Root-cause discipline Do pre-existing test failures get diagnosed and fixed at the source, or are assertions patched to make them pass?
Verification after destructive ordering change Does the resume-delete fix include a test for the DB-fail-after-storage-succeeded case, or just the happy path?
Visibility proof Are all three worker-profile visibility modes tested via direct Supabase query, not just UI? Private profiles must return nothing even through a direct query.

Work areas

Database security

  • Two database functions in the skills and resume system are missing search_path declarations that every other function in the migration has. Without it the function runs in whatever schema the caller sets — injection risk. Find both, fix them, and check whether any other functions are missing it.
  • shift_time_entries table needs a Realtime publication so the employer dashboard can subscribe to clock-in events the same way it subscribes to shift changes.

Service fixes

  • Resume delete removes the storage file before deleting the database row. If the DB delete fails after the file is already gone you get a dangling record pointing at nothing. Reverse the order so the DB row goes first.
  • The company-skills hook fetches every skill in the system and filters on the client. Add a server-side filter scoped to the company being viewed.

Pre-existing test failures (from the skills taxonomy merge)

  • Admin-user contract test
  • Worker-discoverability policy test
  • Conversation-realtime hook test

None are new. Diagnose each one and fix it, or explain concretely why it can't pass in this environment.

Messaging cache

  • The decryption module caches profile data with no expiry. If someone changes their display name while you're in a conversation, the old name shows until you sign out. Add time-based expiry so stale profiles refresh.
  • When a batch of encrypted messages arrives for a new conversation, every message independently hits the database for the same shared secret because they all miss the cache at the same time.

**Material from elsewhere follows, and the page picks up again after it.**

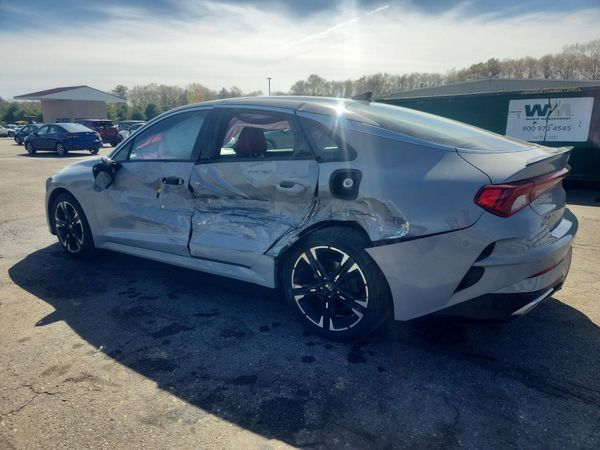 2021 KIA K5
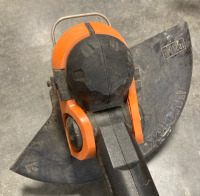 2 Weedwhackers (14&rdquo; GrassHog & 12&rdquo; 30cm Worx) - 6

Add a pending-request map so the second caller waits on the first instead of making a duplicate query.

Visual verification

  • Worker schedule on a phone-sized viewport — does the clock-in button meet the 44px touch-target minimum?
  • Employer schedule printout — does it hide the nav and force black-on-white?
  • Public worker profile across all three visibility modes, with live Supabase data:
    • Public should show everything
    • Connections-only should check the connections table (test as someone who isn't connected)
    • Private should return nothing useful even through a direct query (not just the UI)

Starting prompt

Read CLAUDE.md first. The last few rounds of work added industry taxonomy, worker skills, resume uploads, worker schedule with time tracking, and map wiring. Most of it was built by eval models and merged from sandbox branches. There are security issues, missing integrations, and untested code paths across all of it.

Two database functions in the skills and resume system are missing the search path declaration that every other function in the migration has. Without it the function runs in whatever schema the caller sets, which is an injection risk. Find both functions and fix them. While you're in the migration, the time entries table needs a Realtime publication so the employer dashboard can subscribe to clock in events the same way it subscribes to shift changes.

Start local Supabase and apply the migration. The resume delete service removes the file from storage before deleting the database row. If the database delete fails after the file is already gone you get a dangling record pointing at nothing. Reverse the order. The company skills hook fetches every skill in the system and filters on the client. Add a server side filter so it only pulls skills for the company you're looking at.

The test suite has three pre existing failures from the skills taxonomy merge. One is a contract test for admin users, one is a discoverability policy test, and one is a conversation realtime hook test. None of them are new but nobody's fixed them either. Diagnose each one and fix it or explain why it can't pass in this environment.

After the database work, switch to the messaging system. The decryption module caches profile data with no expiry. If someone changes their display name while you're in a conversation the old name shows until you sign out. Add a time based expiry so stale profiles get refreshed. Then check what happens when a batch of encrypted messages arrives for a new conversation. Every message independently hits the database for the same shared secret because they all miss the cache at the same time. Add a pending request map so the second caller waits on the first instead of making a duplicate query.

After messaging, open the worker schedule on mobile and print the employer schedule with the browser print dialog. Then check the public worker profile page across all three visibility modes with live data. Public should show everything, connections only should check the connections table, and private should show nothing useful even through a direct query.

Goal

Fix two search_path injection risks in the skills and resume database functions, add Realtime publication on time entries, reverse the resume delete order so database deletes happen before storage deletes, add server-side filtering to the company skills hook, diagnose and fix three pre-existing test failures from the skills taxonomy merge (admin user contract test, worker discoverability policy test, conversation realtime hook test), add time-based cache expiry to the messaging decryption profile cache, add a pending-request deduplication map for concurrent decryption of messages in new conversations, verify the worker schedule renders correctly on mobile, verify the employer schedule prints cleanly, and verify the public worker profile page respects all three visibility modes with live Supabase data including direct-query checks on private profiles. The implementer must start local Supabase without being told how and apply the migration before any database verification.

Checklist

Database security

  • Read CLAUDE.md before starting
  • Found both functions missing search_path (skills + resume)
  • Fixed search_path on both functions
  • Checked for any other functions missing it
  • Added Realtime publication on shift_time_entries
  • Local Supabase started without being told how
  • Migration applied cleanly

Service fixes

  • Resume delete: database row deleted before storage file
  • Company skills hook: server-side filter by company
  • Tested resume delete failure case (DB fail doesn't orphan storage)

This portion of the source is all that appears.